--- REQUIRED WORK ---
Output only the lines that run from the line holding "Schluter - RONDEC" to the end of the entries, both ends included, and skip the pictures.
(Beginning of MATERIAL SUPPLIED)
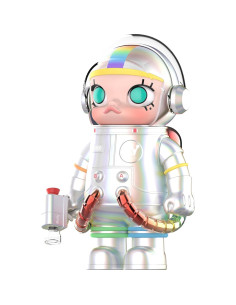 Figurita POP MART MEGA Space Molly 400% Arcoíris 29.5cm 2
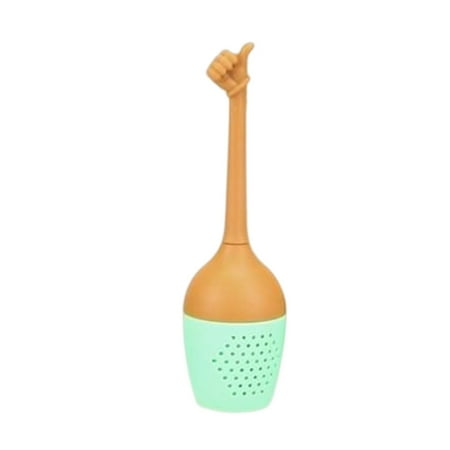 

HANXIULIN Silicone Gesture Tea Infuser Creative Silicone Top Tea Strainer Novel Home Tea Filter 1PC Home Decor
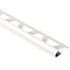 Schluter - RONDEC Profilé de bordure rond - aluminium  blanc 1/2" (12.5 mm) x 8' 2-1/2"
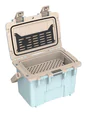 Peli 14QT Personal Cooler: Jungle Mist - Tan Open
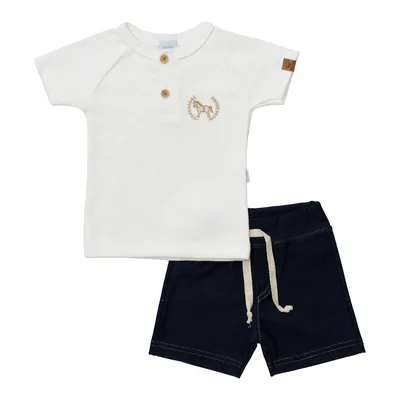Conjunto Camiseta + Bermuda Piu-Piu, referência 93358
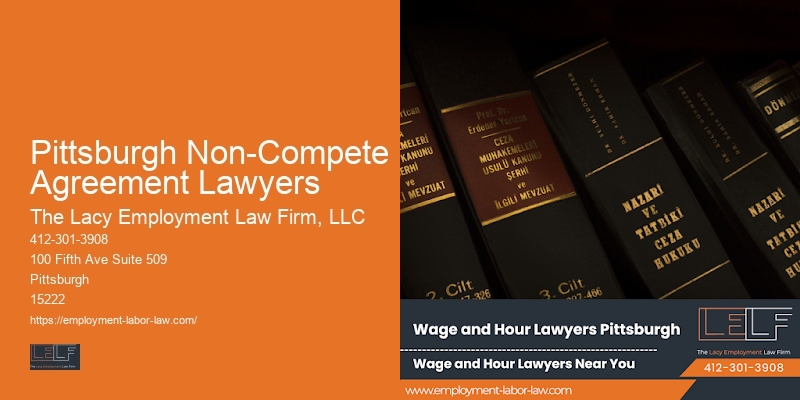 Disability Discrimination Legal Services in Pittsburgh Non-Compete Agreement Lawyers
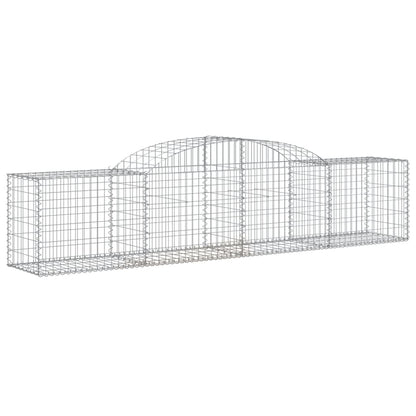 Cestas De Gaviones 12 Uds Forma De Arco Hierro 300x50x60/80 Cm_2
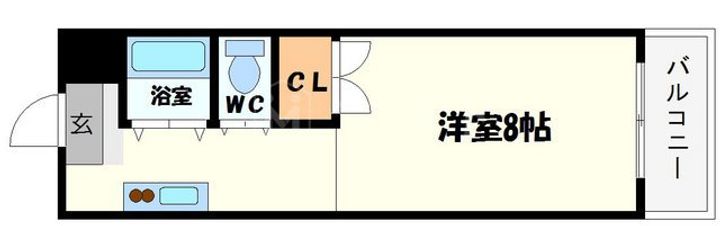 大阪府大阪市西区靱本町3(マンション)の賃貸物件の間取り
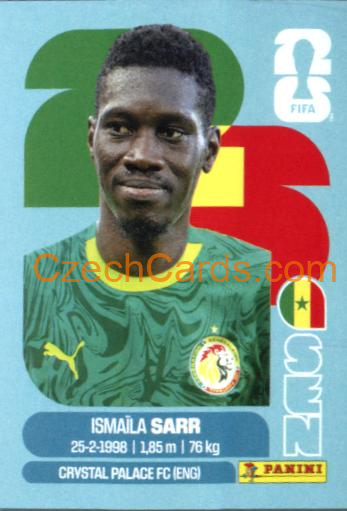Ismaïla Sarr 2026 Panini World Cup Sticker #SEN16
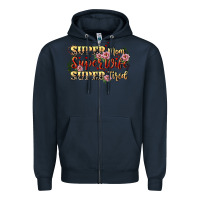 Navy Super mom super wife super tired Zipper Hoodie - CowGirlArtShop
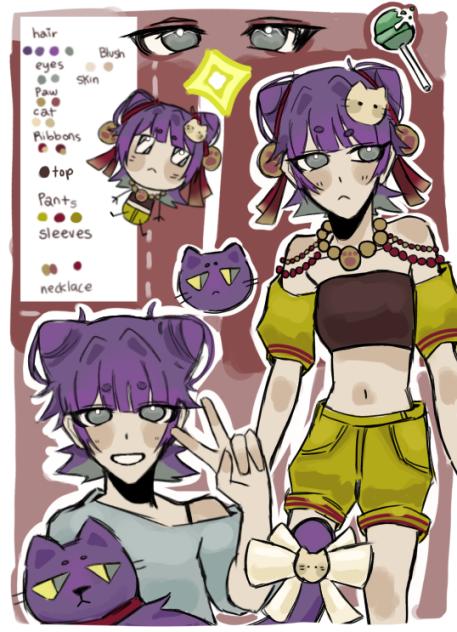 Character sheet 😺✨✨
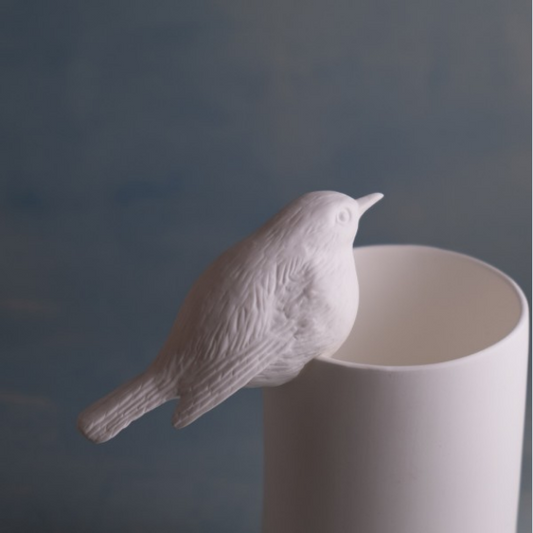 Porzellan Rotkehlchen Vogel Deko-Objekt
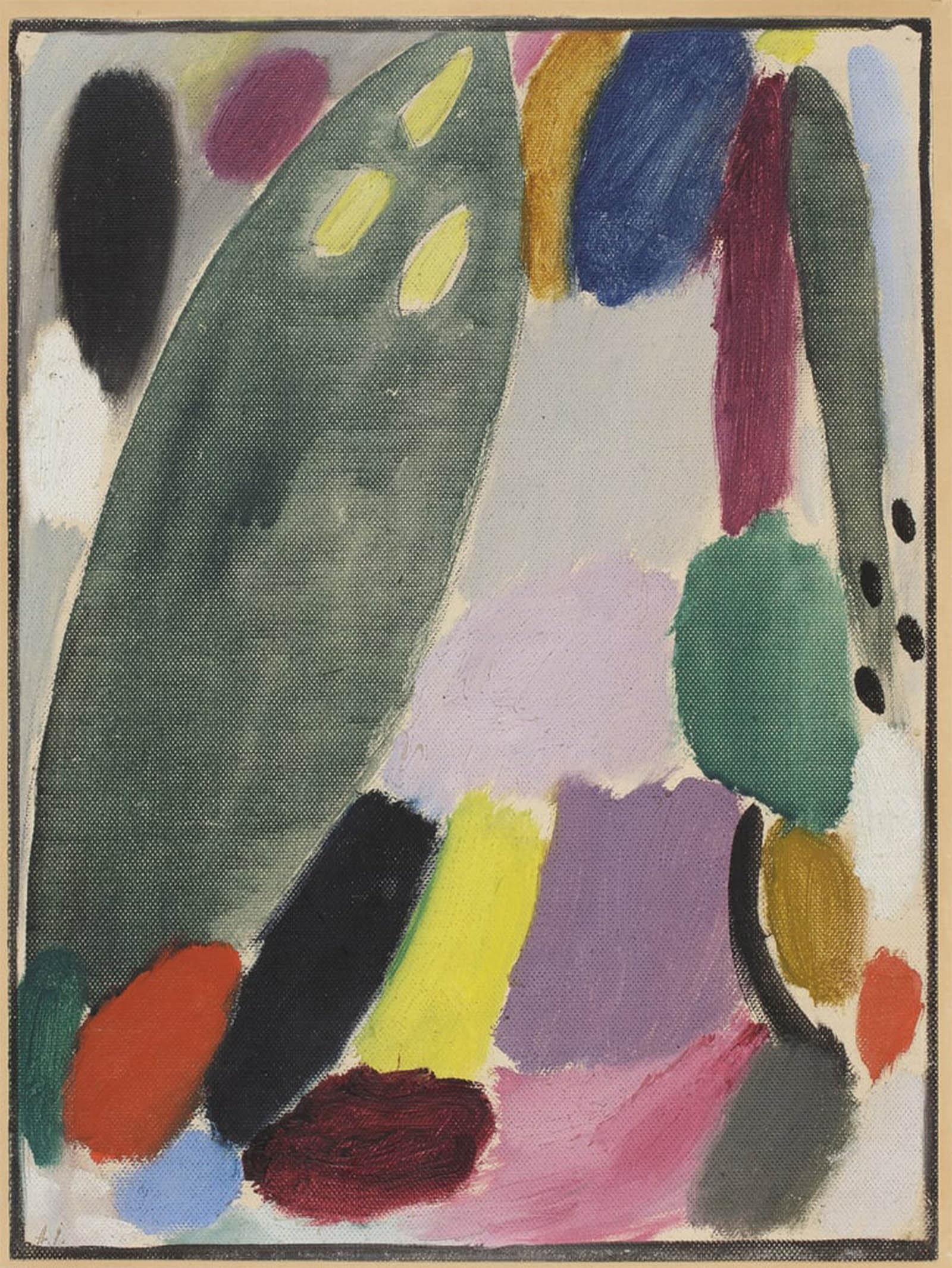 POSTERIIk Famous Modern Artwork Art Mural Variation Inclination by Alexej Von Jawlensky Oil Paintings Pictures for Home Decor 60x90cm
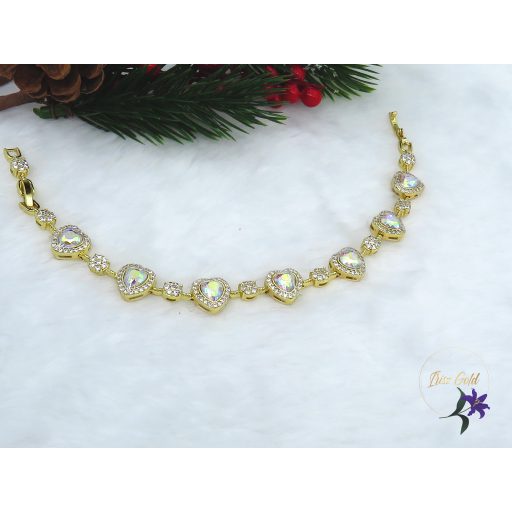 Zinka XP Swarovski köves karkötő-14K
(End of MATERIAL SUPPLIED)
--- ANSWER SPACE ---
 Schluter - RONDEC Profilé de bordure rond - aluminium  blanc 1/2" (12.5 mm) x 8' 2-1/2"
 Peli 14QT Personal Cooler: Jungle Mist - Tan Open
Conjunto Camiseta + Bermuda Piu-Piu, referência 93358
 Disability Discrimination Legal Services in Pittsburgh Non-Compete Agreement Lawyers
 Cestas De Gaviones 12 Uds Forma De Arco Hierro 300x50x60/80 Cm_2
 大阪府大阪市西区靱本町3(マンション)の賃貸物件の間取り
Ismaïla Sarr 2026 Panini World Cup Sticker #SEN16
 Navy Super mom super wife super tired Zipper Hoodie - CowGirlArtShop
 Character sheet 😺✨✨
 Porzellan Rotkehlchen Vogel Deko-Objekt
 POSTERIIk Famous Modern Artwork Art Mural Variation Inclination by Alexej Von Jawlensky Oil Paintings Pictures for Home Decor 60x90cm
 Zinka XP Swarovski köves karkötő-14K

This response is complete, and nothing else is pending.